Specializes in CCRN, CPAN.

This is bad medical care, unsafe. I would look for another place to work that shares your desire for honest quality care. 

This is so unsafe. Given your managers who based on their backgrounds should 100% know better than this, continuing to write incident reports is unlikely to have much impact and will result in you being "the bad guy". I would discretely encourage the families complain. Poor ratings, reviews and complaints even when wildly unfair seem to get attention.

I would likely start getting family back as quickly as I could. When they ask for pain relief...

- "I'm really sorry, because this is phase 2 I can't give IV analgesia" 

- I can give something oral. Oh, gosh, they are nauseated and threw up when we tried to get them up (which is why I normally ensure the pain is treated IV in phase 1 to avoid oral in phase 2)... best get an order for an antiemetic, I'm assuming the orders for that were only phase 1, so probably a delay, oh well. 

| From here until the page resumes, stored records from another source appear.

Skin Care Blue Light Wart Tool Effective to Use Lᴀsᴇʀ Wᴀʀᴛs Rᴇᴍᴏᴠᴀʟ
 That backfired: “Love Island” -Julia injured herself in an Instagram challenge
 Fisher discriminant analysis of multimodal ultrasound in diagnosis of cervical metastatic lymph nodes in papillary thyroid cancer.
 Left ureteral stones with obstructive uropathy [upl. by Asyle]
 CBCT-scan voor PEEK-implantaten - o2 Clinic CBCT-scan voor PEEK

- whoops, phase 2 is now back up so you physically have no where to put the patients coming from phase 1 or the direct admits from the OR, oh well. Never mind I'm sure the CRNA's or Doctors will call a manager to yell about it and demand they find a solution. 

In my experience the Doctors want to do what ever they perceive to be the quickest so they can get as many surgeries done as possible. The simplest fix is to stop trying to make it work and let it take as long as it takes, the real trick is too let the families do the complaining for you. And work on your innocent face and tone, you will need it.